§ **Task details**
The answer must be only the lines below from the one holding "Nhà đẹp đường" down to the one holding "Apartment A & N with FREE private parking", ends included, printed exactly; please omit all pictures.

§ **Task inputs**
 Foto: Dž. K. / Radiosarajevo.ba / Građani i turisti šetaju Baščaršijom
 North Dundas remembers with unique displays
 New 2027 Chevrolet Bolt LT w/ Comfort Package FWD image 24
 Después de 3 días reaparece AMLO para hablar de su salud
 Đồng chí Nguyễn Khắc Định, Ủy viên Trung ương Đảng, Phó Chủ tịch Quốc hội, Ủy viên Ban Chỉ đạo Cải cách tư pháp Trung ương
--
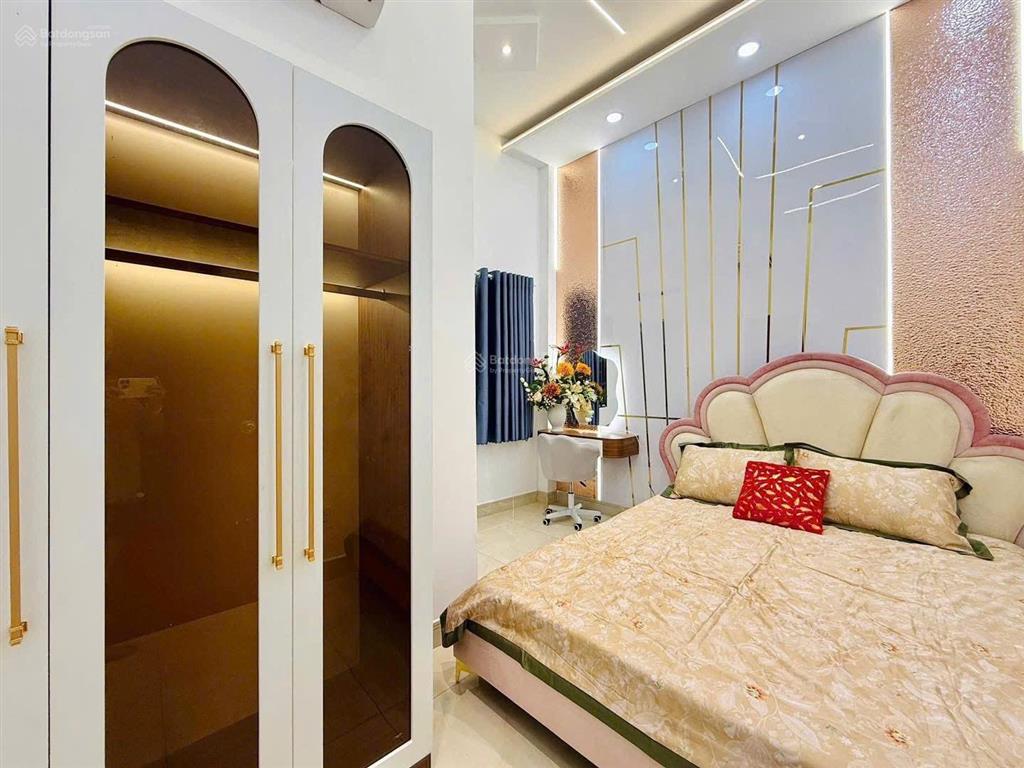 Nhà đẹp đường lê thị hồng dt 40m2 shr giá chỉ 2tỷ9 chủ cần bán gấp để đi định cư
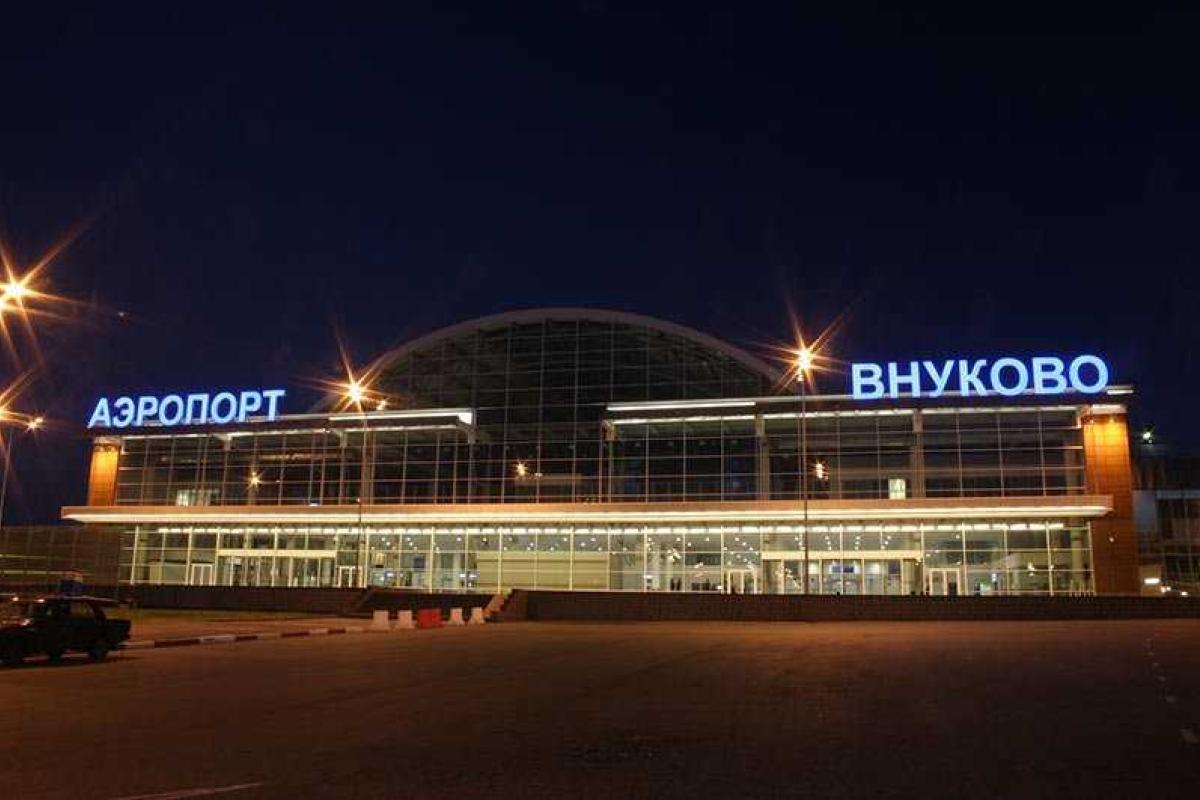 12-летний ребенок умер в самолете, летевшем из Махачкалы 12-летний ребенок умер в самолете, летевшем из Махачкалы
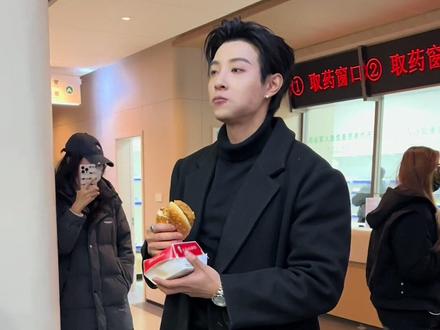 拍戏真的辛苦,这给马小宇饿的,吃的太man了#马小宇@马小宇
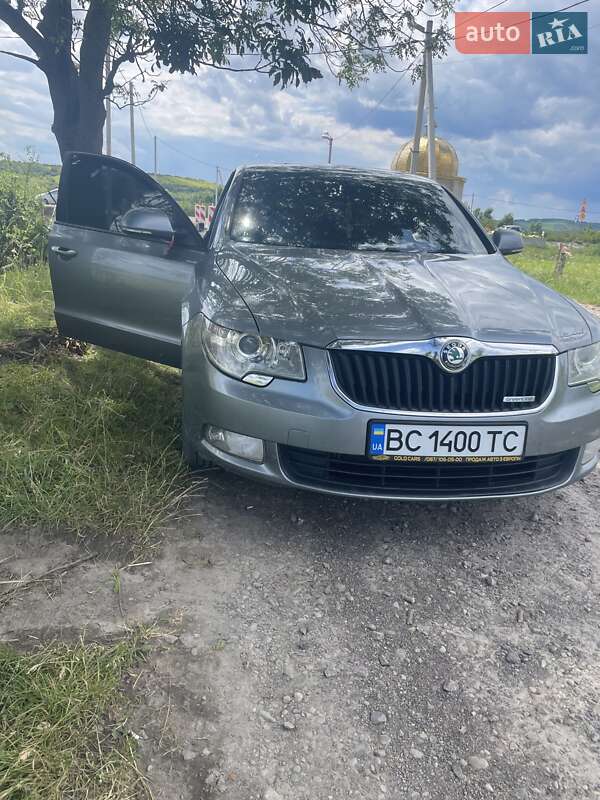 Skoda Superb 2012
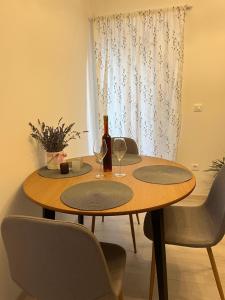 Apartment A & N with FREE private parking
==
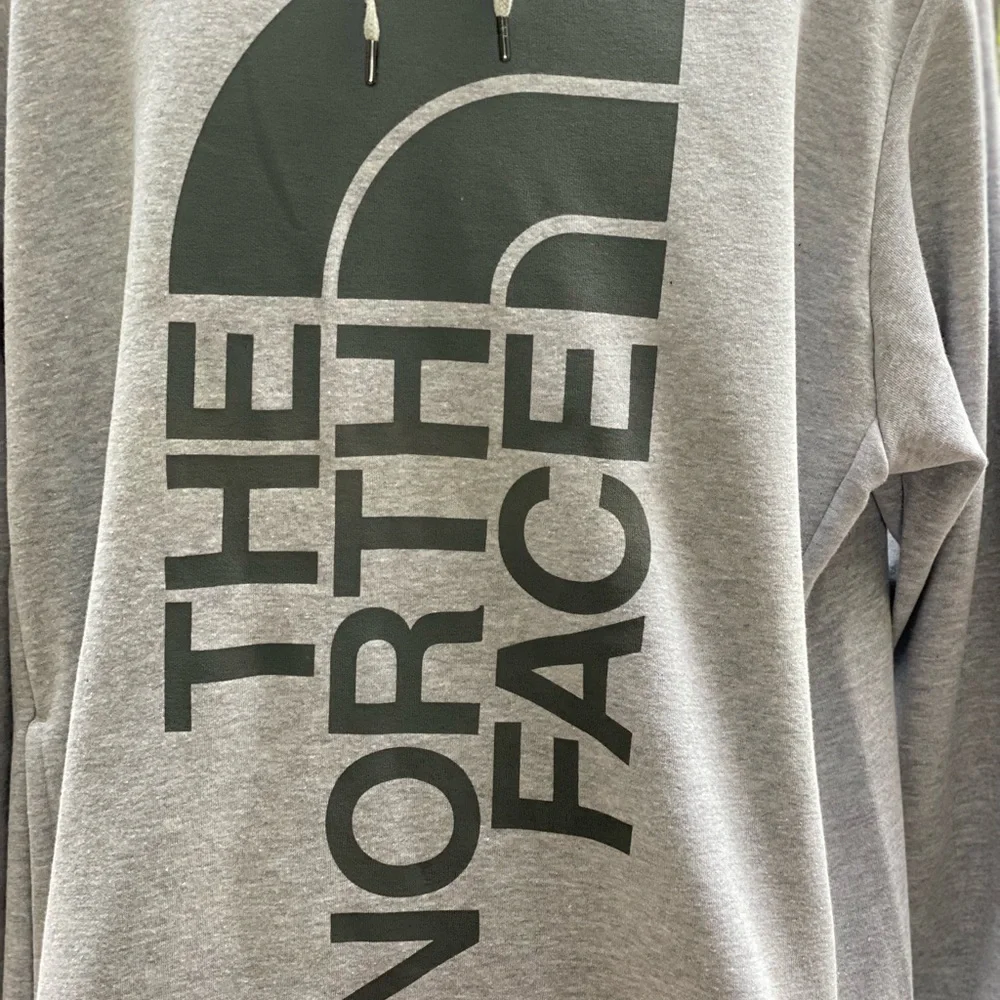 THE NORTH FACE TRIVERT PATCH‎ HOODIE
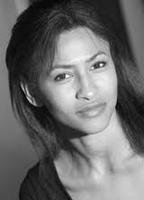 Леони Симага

§ **Written response**
 Nhà đẹp đường lê thị hồng dt 40m2 shr giá chỉ 2tỷ9 chủ cần bán gấp để đi định cư
 12-летний ребенок умер в самолете, летевшем из Махачкалы 12-летний ребенок умер в самолете, летевшем из Махачкалы
 拍戏真的辛苦,这给马小宇饿的,吃的太man了#马小宇@马小宇
 Skoda Superb 2012
 Apartment A & N with FREE private parking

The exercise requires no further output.